2. The Capture System In this section we give an overview of the hardware and calibration systems, with an emphasis on the user interfaces to the system. Additional detail on the system design and implementation can be found in a companion paper [3].

2.1 Hardware We used a capture approach employed by researchers in previous culural heritage projects to [4, 5]. The basic concept is to couple a device for capturing a geometric range image with a photometric stereo capture system. The system, shown in Fig. 1, consists of a ShapeGrabber laser range scanner, a Fuji FinePix S1 Pro digital color camera, and five halogen light sources mounted on a 100 cm by 50 cm aluminum rack. As shown in Fig. 2, the system is used with a scanning table that contains an embedded Kaidan turntable. The camera has an adjustable lens so that the user can adjust

the zoom to accommodate scanning objects of various sizes. The camera can also be moved and tilted with respect to the range scanner to adjust for different types of objects. All of the system elements are under the control of the scanning workstation, an IBM Intellistation MPro with a Pentium IV and NVIDIA Quadro2 graphics. The ShapeGrabber comes with a target and software procedure to maintain the calibration between the scanning head and the panning stage that moves it across the object. The 3D point values the ShapeGrabber produces establish the base coordinate system. All of the other system components, the digital camera, lights and turntable, must be calibrated in terms of this base coordinate system. To perform these additional calibrations we designed and constructed a series of calibration targets, Fig. 3. We developed a software system we call “Djehuti” , Fig. 4 that guides the user through acquiring and processing the necessary calibration data.

2.2. Calibration We calibrate the digital camera with respect to the laser scanner coordinate system by taking a digital image and a 3D scan of a cube calibration object, shown in the left of Fig. 3. We have cube objects of different sizes, so that the size of the calibration volume can be tailored to the size of the object to be scanned.

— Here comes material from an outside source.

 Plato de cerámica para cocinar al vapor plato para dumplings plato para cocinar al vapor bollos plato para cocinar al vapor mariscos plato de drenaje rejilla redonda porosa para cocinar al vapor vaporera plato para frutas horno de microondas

We use a precise checkerboard pattern on each of three adjacent sides of the cube to establish the three dimensional positions of the two dimensional features detected in the image from the camera. For the calibration cube placed in the standard position, automated methods can be used to find the checkerboard corners. For operation in the museum, however, an automated method that might on some occasion fail for unforeseen reasons is not acceptable. The Djehuti interface presents the digital camera image to the operator, as shown in on the left of Fig. 4, so the operator can assist the calibration by clicking key points, and can inspect the calibration result to verify success. The camera coordinate system needs to be expressed in terms of the coordinate system of the laser scanner. A laser scan is taken of the cube, with the

Figure 4. “Djehuti" graphical interface for calibration.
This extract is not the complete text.